» **Work instruction**: Under this line are the records; write out word for word the part that begins at the line containing "NO.743 NKフック 9号・8号" and ends at the line containing "Пътешествията на Гъливер", and no more.

» **Entries provided**:
○ ○ ○ ○ ○

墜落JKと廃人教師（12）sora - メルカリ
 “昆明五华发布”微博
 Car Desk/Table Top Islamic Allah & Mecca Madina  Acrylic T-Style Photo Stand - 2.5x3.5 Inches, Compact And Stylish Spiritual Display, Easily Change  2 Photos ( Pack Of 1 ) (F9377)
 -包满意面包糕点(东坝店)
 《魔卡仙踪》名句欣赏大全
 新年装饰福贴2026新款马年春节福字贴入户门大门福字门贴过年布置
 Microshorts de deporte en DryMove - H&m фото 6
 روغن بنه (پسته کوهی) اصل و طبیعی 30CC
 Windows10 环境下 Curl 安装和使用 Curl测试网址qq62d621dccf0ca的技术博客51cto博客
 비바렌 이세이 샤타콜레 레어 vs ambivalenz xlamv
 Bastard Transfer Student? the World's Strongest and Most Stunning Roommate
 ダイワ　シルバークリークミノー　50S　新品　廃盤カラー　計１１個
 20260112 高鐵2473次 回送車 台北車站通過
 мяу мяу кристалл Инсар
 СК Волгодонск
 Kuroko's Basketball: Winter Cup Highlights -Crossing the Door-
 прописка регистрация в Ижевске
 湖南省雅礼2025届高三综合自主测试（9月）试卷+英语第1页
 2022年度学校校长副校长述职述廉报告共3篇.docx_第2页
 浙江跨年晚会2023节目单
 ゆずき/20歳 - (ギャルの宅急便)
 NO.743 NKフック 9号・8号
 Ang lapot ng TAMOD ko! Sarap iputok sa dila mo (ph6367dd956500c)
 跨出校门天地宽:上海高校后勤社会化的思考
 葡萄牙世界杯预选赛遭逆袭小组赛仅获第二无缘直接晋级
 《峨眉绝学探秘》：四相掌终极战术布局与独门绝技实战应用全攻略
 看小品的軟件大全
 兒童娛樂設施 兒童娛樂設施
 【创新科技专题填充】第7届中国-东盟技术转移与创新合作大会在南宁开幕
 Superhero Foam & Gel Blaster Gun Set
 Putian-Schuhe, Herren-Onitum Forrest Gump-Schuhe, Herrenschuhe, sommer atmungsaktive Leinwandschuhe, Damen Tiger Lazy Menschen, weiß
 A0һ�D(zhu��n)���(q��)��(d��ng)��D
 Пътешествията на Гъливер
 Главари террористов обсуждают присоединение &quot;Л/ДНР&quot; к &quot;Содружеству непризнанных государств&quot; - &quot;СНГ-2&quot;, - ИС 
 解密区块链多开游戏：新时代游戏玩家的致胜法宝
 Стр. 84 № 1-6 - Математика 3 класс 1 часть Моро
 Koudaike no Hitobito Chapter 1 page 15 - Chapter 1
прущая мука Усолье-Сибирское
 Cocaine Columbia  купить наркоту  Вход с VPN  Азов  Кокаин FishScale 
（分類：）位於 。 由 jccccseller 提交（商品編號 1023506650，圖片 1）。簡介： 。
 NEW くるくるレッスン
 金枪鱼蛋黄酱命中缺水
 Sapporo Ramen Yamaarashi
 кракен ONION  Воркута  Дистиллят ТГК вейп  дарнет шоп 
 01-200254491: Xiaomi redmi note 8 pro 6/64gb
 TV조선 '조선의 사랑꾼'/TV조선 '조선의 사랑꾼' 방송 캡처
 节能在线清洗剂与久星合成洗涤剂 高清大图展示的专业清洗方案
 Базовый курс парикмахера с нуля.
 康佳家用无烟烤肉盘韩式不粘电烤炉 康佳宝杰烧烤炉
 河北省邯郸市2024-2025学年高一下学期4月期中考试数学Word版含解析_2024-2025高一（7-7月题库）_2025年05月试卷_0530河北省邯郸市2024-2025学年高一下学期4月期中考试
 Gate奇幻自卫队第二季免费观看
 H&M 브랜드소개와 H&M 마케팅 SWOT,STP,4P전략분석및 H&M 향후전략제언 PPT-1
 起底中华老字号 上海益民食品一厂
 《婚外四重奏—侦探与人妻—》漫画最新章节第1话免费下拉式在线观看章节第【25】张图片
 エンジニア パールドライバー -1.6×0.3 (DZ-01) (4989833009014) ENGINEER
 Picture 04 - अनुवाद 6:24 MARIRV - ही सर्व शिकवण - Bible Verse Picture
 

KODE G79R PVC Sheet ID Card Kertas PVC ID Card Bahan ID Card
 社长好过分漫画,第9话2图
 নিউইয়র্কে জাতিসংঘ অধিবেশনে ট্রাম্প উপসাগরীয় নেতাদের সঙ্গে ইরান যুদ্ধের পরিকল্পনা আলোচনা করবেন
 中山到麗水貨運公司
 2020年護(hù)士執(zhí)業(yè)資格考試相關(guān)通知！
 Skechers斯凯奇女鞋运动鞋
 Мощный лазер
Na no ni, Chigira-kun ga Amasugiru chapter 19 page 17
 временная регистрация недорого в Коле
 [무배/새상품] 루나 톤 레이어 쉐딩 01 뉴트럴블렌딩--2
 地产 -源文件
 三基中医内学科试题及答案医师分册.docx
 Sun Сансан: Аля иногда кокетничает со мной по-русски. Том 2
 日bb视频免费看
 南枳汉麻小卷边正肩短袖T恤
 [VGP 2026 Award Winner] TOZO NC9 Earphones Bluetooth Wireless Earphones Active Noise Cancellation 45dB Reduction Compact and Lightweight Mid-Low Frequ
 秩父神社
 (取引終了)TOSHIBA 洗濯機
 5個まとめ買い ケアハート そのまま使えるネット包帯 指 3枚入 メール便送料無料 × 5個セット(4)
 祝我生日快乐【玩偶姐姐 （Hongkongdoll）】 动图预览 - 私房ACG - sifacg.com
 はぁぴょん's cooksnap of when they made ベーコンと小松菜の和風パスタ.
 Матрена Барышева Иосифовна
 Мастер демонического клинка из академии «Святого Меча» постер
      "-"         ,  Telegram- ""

○ ○ ○ ○ ○

» **Your solution**:
 NO.743 NKフック 9号・8号
 Ang lapot ng TAMOD ko! Sarap iputok sa dila mo (ph6367dd956500c)
 跨出校门天地宽:上海高校后勤社会化的思考
 葡萄牙世界杯预选赛遭逆袭小组赛仅获第二无缘直接晋级
 《峨眉绝学探秘》：四相掌终极战术布局与独门绝技实战应用全攻略
 看小品的軟件大全
 兒童娛樂設施 兒童娛樂設施
 【创新科技专题填充】第7届中国-东盟技术转移与创新合作大会在南宁开幕
 Superhero Foam & Gel Blaster Gun Set
 Putian-Schuhe, Herren-Onitum Forrest Gump-Schuhe, Herrenschuhe, sommer atmungsaktive Leinwandschuhe, Damen Tiger Lazy Menschen, weiß
 A0һ�D(zhu��n)���(q��)��(d��ng)��D
 Пътешествията на Гъливер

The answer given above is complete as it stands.